Each record that follows goes into your reply unchanged; the pictures do not.

◆ The data:
- - - - -
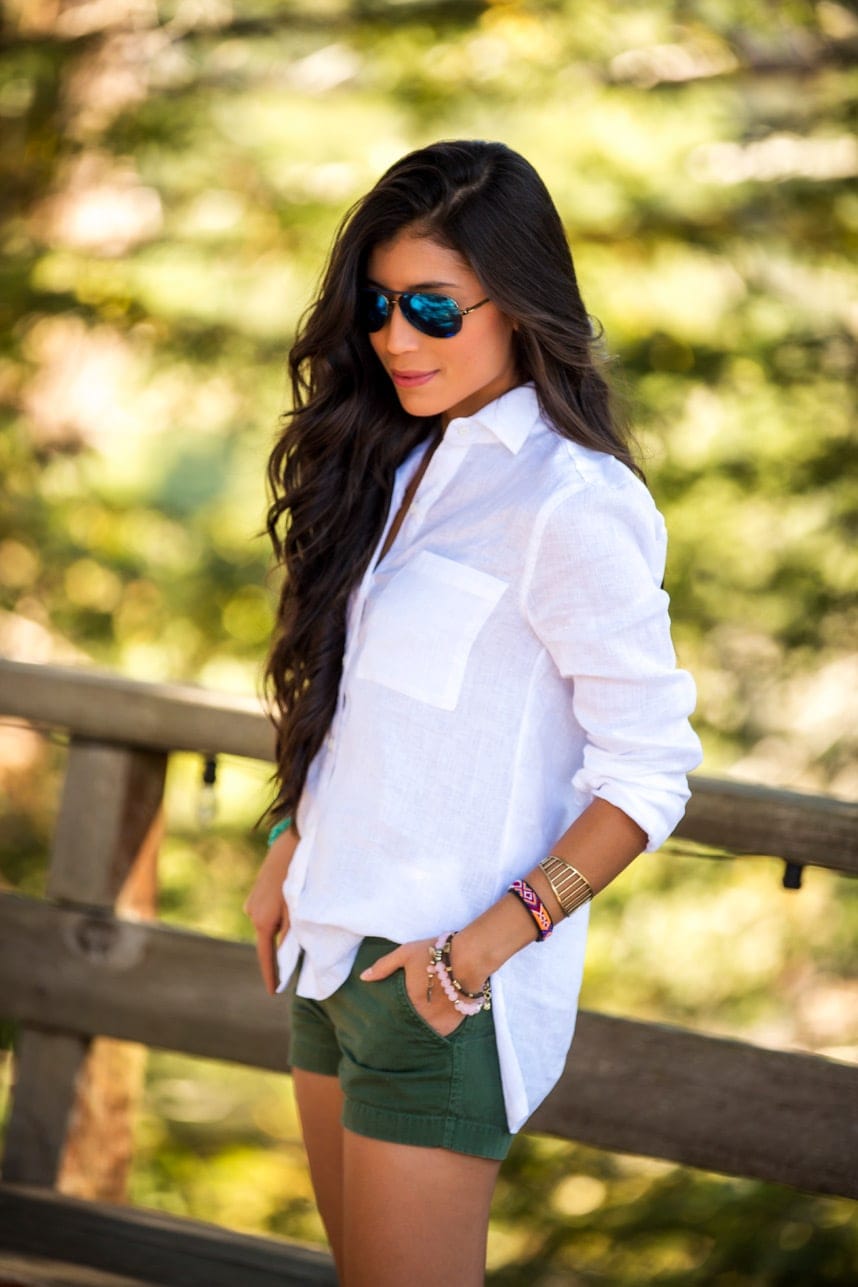 white linen blouse for summer - Love this summer outfit! Such cute combo and I love the photos. Thank you for pinning!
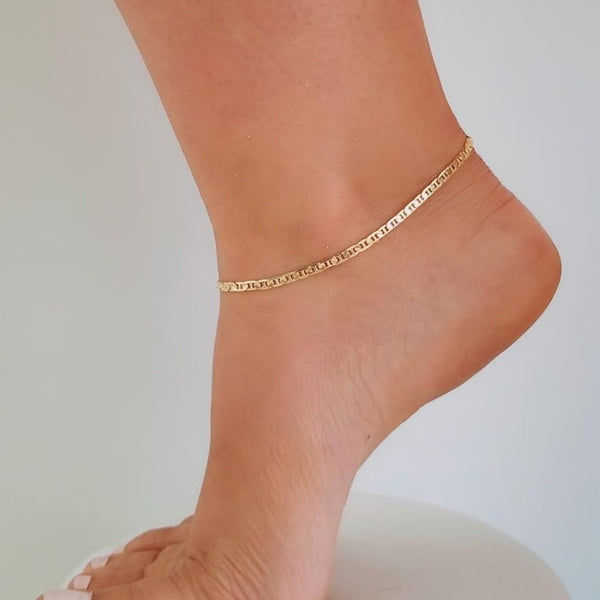 925 Sterling Silver 14K Gold Plated Italian Mariner Adjustable Foot Link Chain Anklet for Women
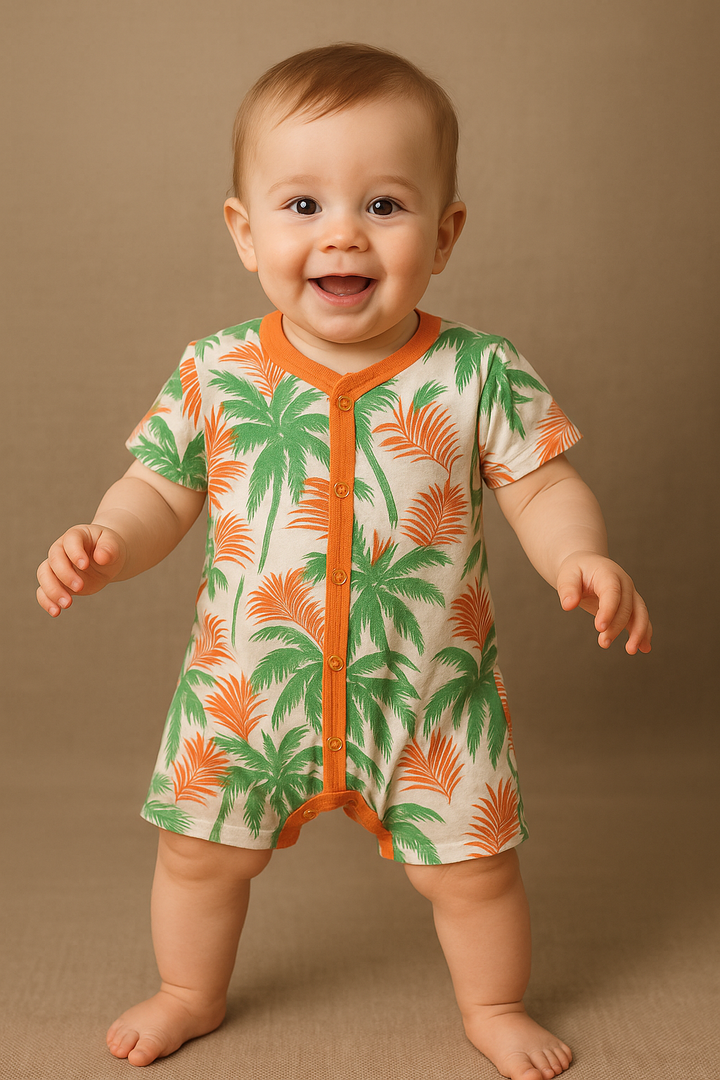 BABY SHORT-BODY COTTON ROMPER JUNGLE OFF WHITE MINI CHARM (2-3 Y)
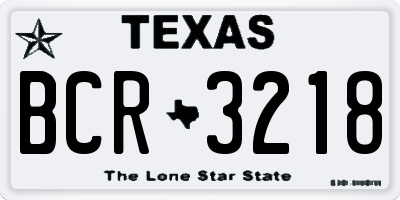 TX license plate BCR3218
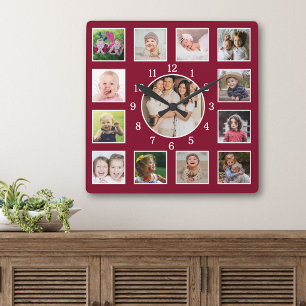 Reloj Cuadrado Crea tu propio collage de fotos familiares 13 Burg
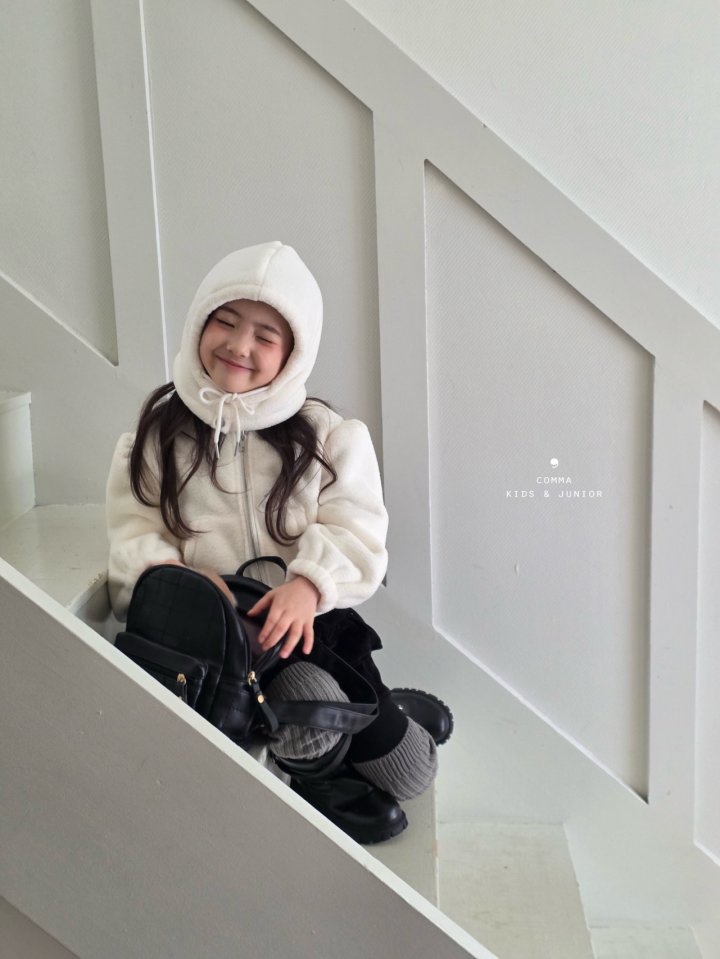 Comma - Korean Children Fashion - #kidsstore - Shirring Fleece Jacket (with Balaclava)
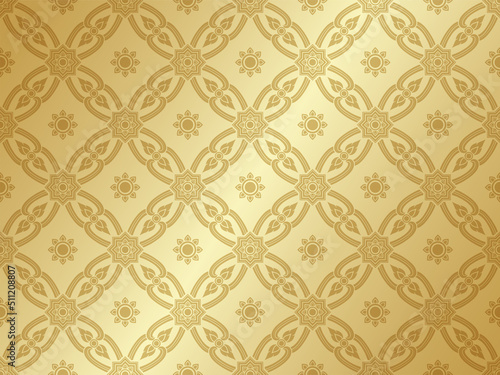 Asian art luxury banner pattern gold background for decoration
- - - - -
◆ Exercise solution:
 white linen blouse for summer - Love this summer outfit! Such cute combo and I love the photos. Thank you for pinning!
 925 Sterling Silver 14K Gold Plated Italian Mariner Adjustable Foot Link Chain Anklet for Women
 BABY SHORT-BODY COTTON ROMPER JUNGLE OFF WHITE MINI CHARM (2-3 Y)
 TX license plate BCR3218
 Reloj Cuadrado Crea tu propio collage de fotos familiares 13 Burg
 Comma - Korean Children Fashion - #kidsstore - Shirring Fleece Jacket (with Balaclava)
 Asian art luxury banner pattern gold background for decoration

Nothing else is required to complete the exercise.